Only these lines, please: the first one of the records through the one containing "Premium Cotton Green", retyped exactly, both ends included and pictures omitted.

(Web page caption snippets)
⁂

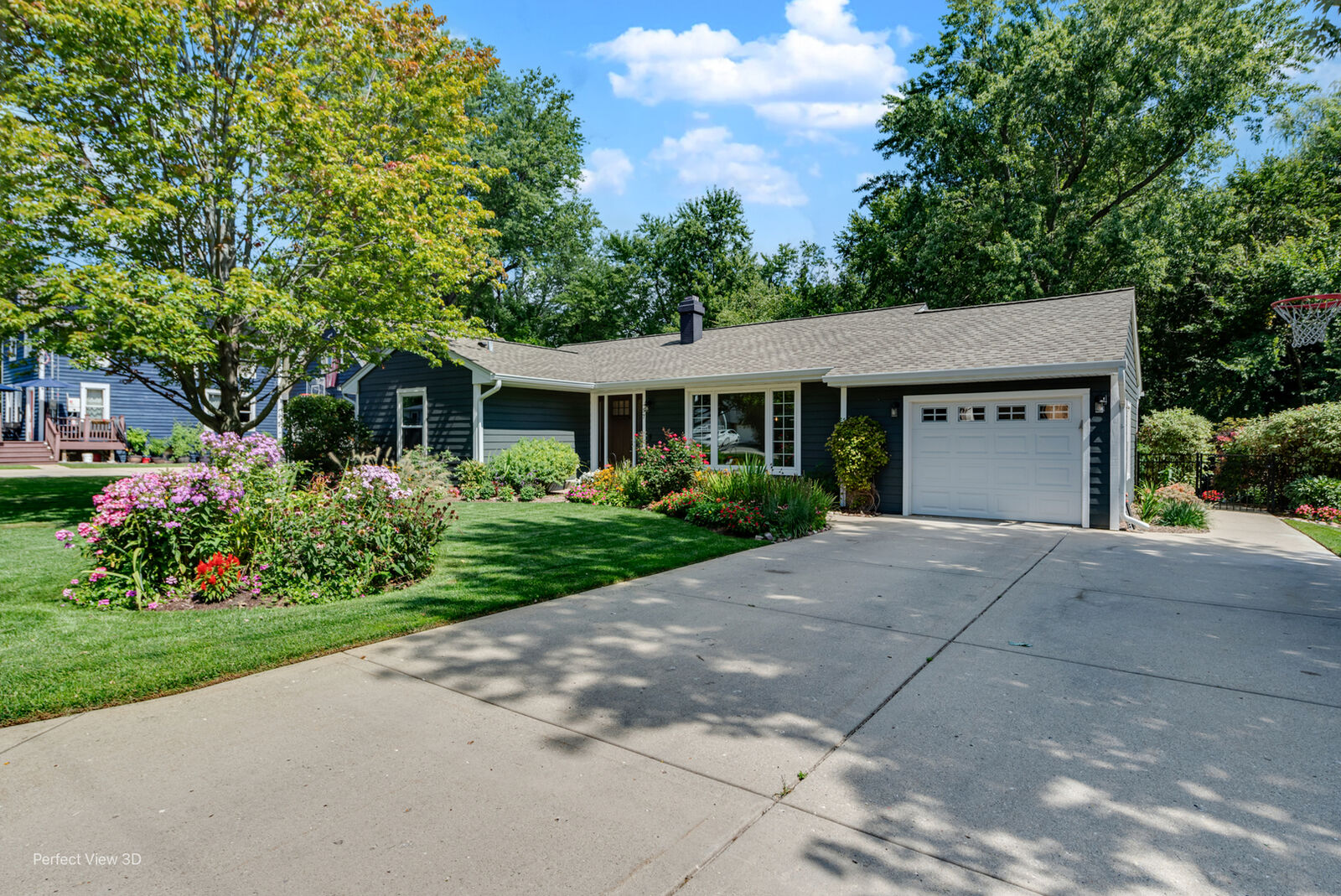 Property Photo:  57 Pine Tree Row  IL 60047 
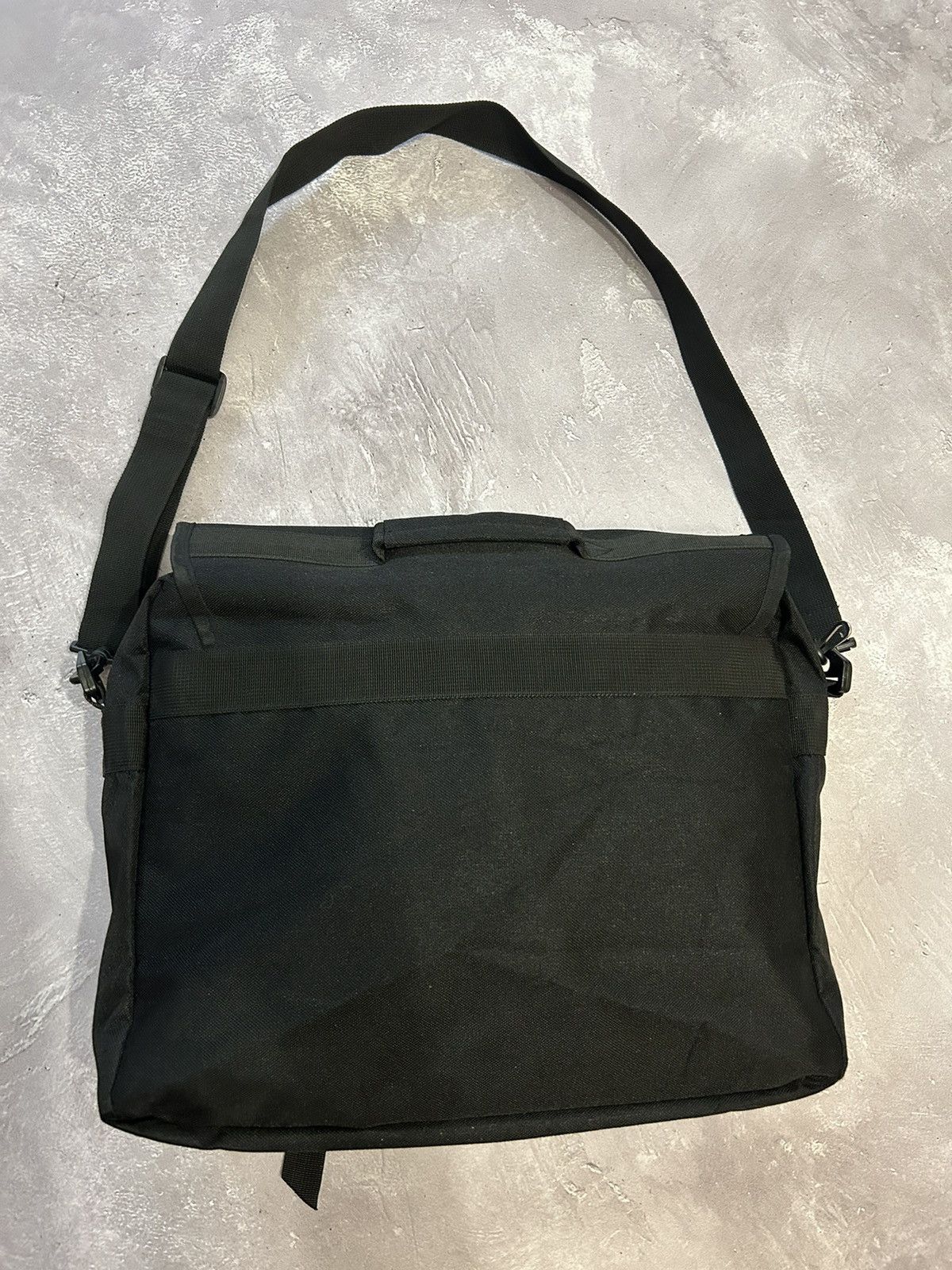 Nike × Vintage Nike Vintage Messeneger Shoulder Center Logo Bag 90s y2k Size ONE SIZE - 4 Thumbnail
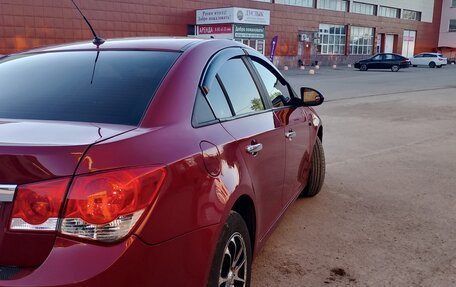 Chevrolet Cruze II, 2011 год, 570 000 рублей, 9 фотография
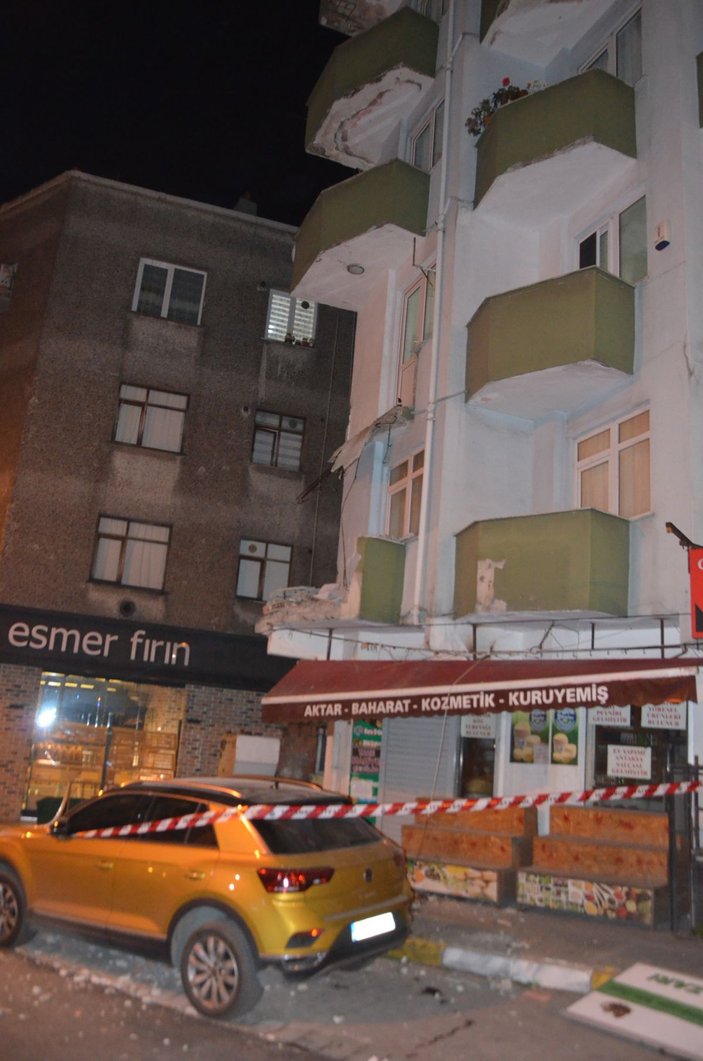 Avcılar'da 42 yıllık binanın iki balkonu çöktü -3
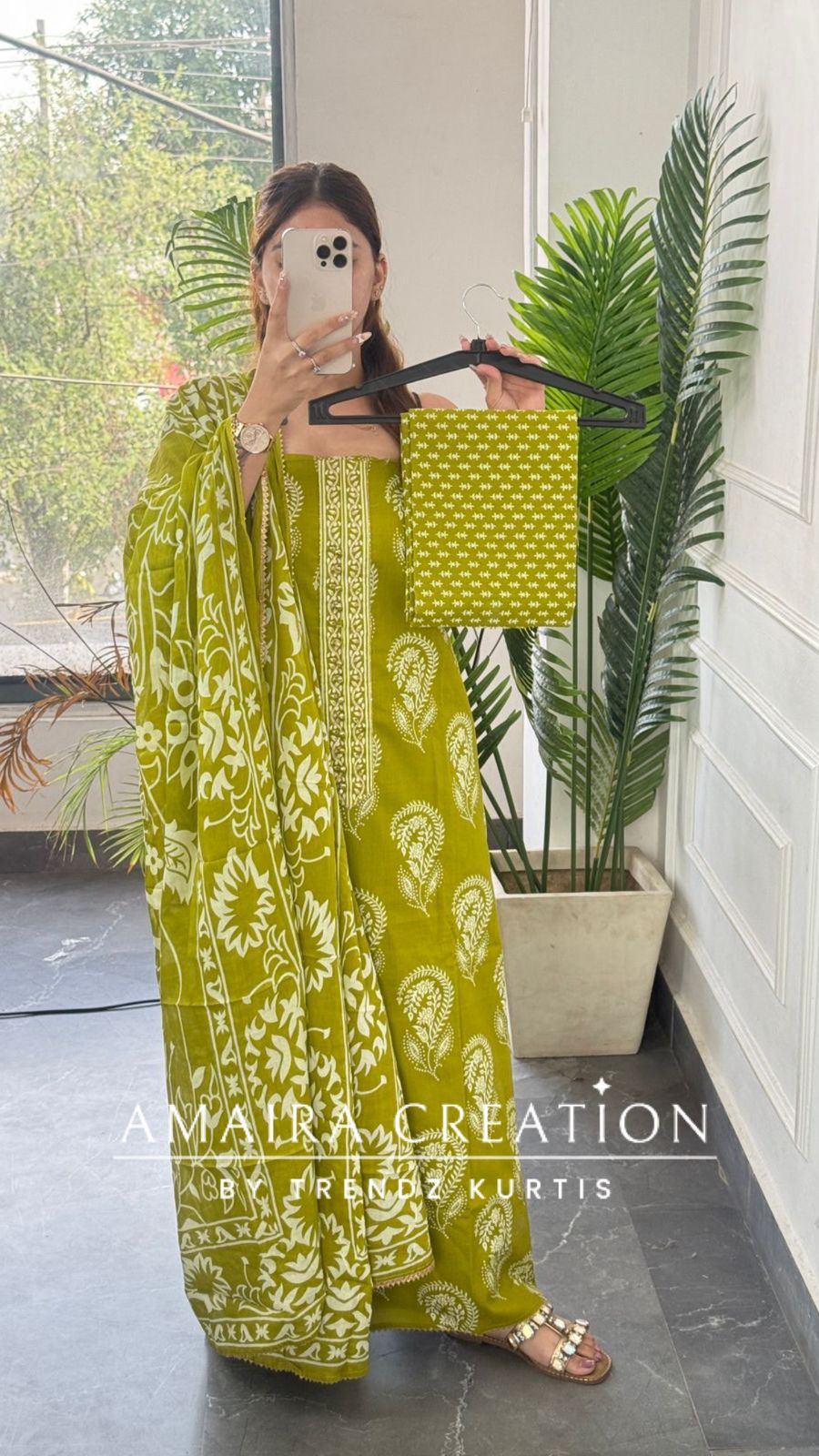 Premium Cotton Green Colour Block Print Unstitched Suit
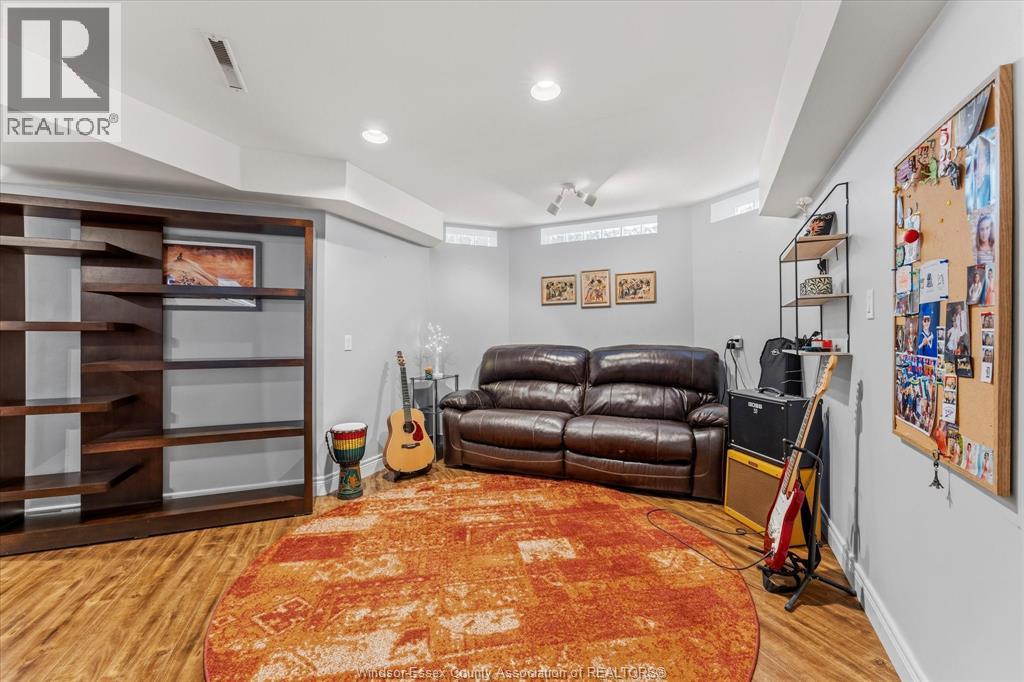 414 CHAMBERS - Image 33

⁂

Final answer:
 Property Photo:  57 Pine Tree Row  IL 60047 
 Nike × Vintage Nike Vintage Messeneger Shoulder Center Logo Bag 90s y2k Size ONE SIZE - 4 Thumbnail
 Chevrolet Cruze II, 2011 год, 570 000 рублей, 9 фотография
 Avcılar'da 42 yıllık binanın iki balkonu çöktü -3
 Premium Cotton Green Colour Block Print Unstitched Suit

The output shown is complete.